Patients and Clinicopathologic Factors

Patients contained in this study had to satisfy the eligibility criteria: (a) The patients with HNNECs were enrolled between 2004 and 2015, (b) HNNEC was their first or only primary diagnosis, (c) The diagnosis was verified by histological examination, and (d) Complete and integrated follow-up data of patients could be available. The exclusion criteria included the following: (a) Patients were younger than 20, (b) Information about the tumor stage and the follow-up data was lacking,and(c) Death certificate and autopsy cases were also excluded.
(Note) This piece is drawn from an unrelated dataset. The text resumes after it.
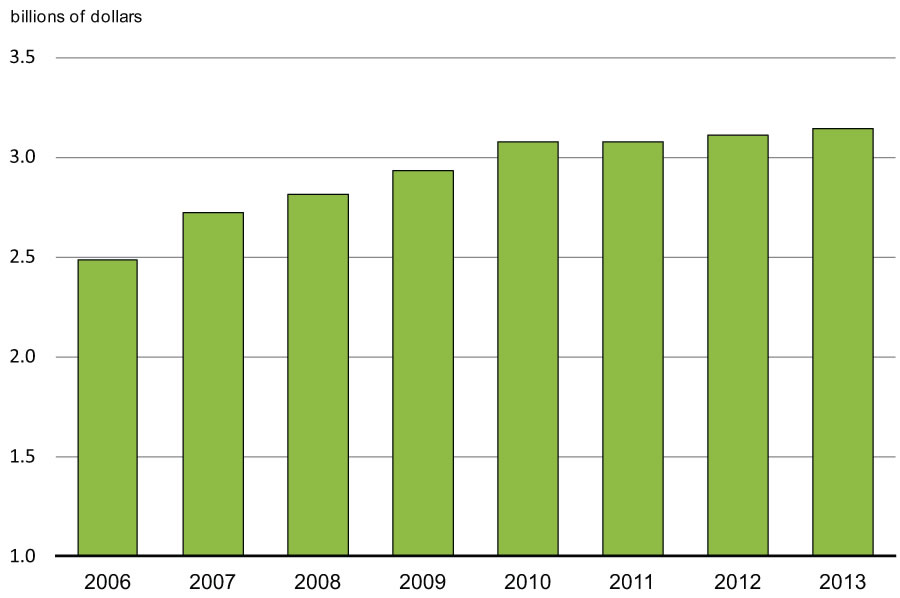 Chart 3.2.5 - Federally Funded R&D Expenditures in Canada’s Higher Education Sector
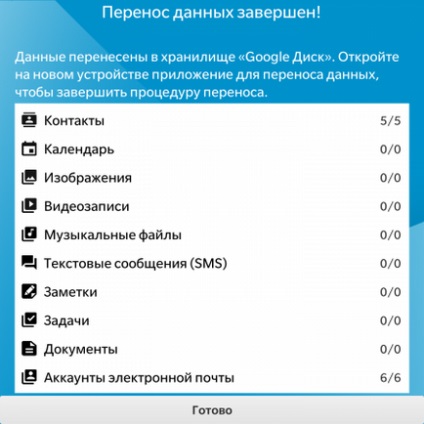 Cum să vă transferați conținutul de la BlackBerry 10 la blackberry priv, blackberry în Rusia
Finally, 493 eligible HNNEC’s patients were chosen from the SEER database. A random split‐sample approach was applied to separate the total eligible patients into a training cohort (n=345) and internal validation cohort (n=148) at a split ratio of 7:3, using the “caret” package in R version 3.6.3. At the same time, 74 patients with pathological diagnosis of HNNEC from our medical center between 2008 and 2020 were included in the external validation cohort. This retrospective validation was approved by the Ethics Committee of our hospital. (The ethical approval number: Medical Ethics Committee of Hunan Cancer Hospital 2021 Scientific Research Express No. 1).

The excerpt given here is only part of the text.